Vous avez fait des reprises live de groupes ska (Symarip, The Maytals) et vous semblez influencés par ce style de musique, mais pas de compositions personnelles à part peut-être le morceau reggae « Mastò ». Pourquoi ?

Le ska, le reggae, la soul et le blues font partie de notre bagage musical/culturel. Dans « Nati per niente », il y a un morceau dub « Iqbal masih ». Il y a des influences blues et également soul. Malgré tout, nous vous surprendrons prochainement. Vous entendrez toutes ces influences dans les nouveaux travaux de Nabat !

Quels disques sont sortis sur CAS Records ? Quand est-ce que ça a arrêté ? Pourquoi ?

Tous nos disques sortiront sur CAS plus d'autres disques d'autres groupes punk et oi ! italiens. Nous avons arrêté en 1987 parce que nous n'arrivions pas joindre les deux bouts.

Que pensez-vous des prix auxquels se vendent aujourd'hui vos disques et tous ceux sortis sur CAS Records ? Etes-vous flattés ou déçus que tout le monde ne puisse pas se les offrir ? Pourquoi n'y a-t-il pas eu de rééditions ?

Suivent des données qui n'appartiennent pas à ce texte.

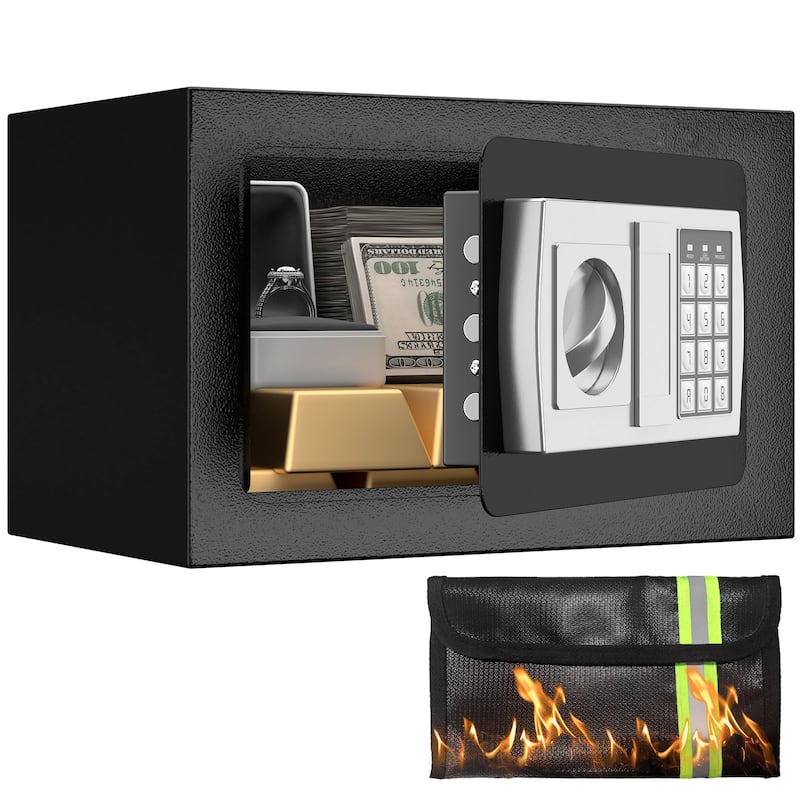 0.43 Cu Personal Safety Box, Small Fireproof Safes for Home with Fireproof Bag for Money Jewelry, Digital Security Safe - Black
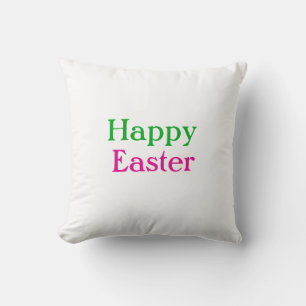 Coussin Happy easter boho vert rose enfants ajouter nom ti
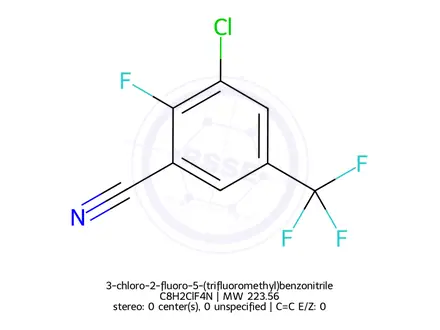 Chemical structure of 3-chloro-2-fluoro-5-(trifluoromethyl)benzonitrile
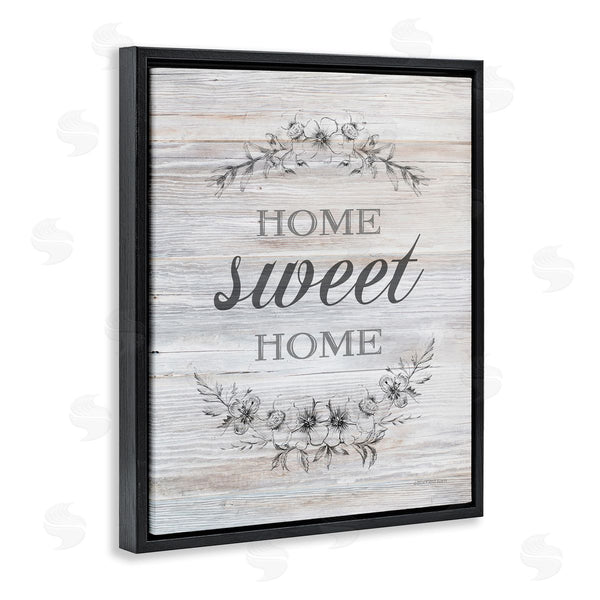 Stupell Industries Bluebird Barn | Home Sweet Home Floral Stencil Ornament Rustic Sign Wall Art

Nous respectons beaucoup ces années. Nous sommes tout de même contents de ce que nous avons fait. Nous n'avons jamais rien réédité par manque d'argent. Maintenant nous verrons, qui sait ? Il y a une idée de rééditer notre ancien matériel…

A part « No armi » et « Nichilistaggio », est-ce que les autres titres du LP « Nati per niente » sont récents ? Est-ce que ces deux morceaux sont les seuls qui n'étaient pas sortis en vinyle parmi vos morceaux de l'époque ? Sinon pourquoi les avoir choisis ?

Oui, les autres titres sont tous de Nabat années 90. Nous avons choisi « No armi » et « Nichistaggio » parce que c'était deux de nos morceaux du début des années 80 et ils étaient peu connus. « Nichistaggio » à l'origine est dédié aux anarchistes parisiens du début des années 1900, tu sais LA BANDA BONNO , LIABEUF, etc.

Avez-vous d'autres projets ? Avez-vous déjà eu des opportunités de passer en France ? Pensez-vous y venir ?

Des projets ? Oui , jouer, rééditer notre vieux matériel, faire au moins un autre disque. Nous aimerions venir jouer en France, même si nous connaissons peu la scène française.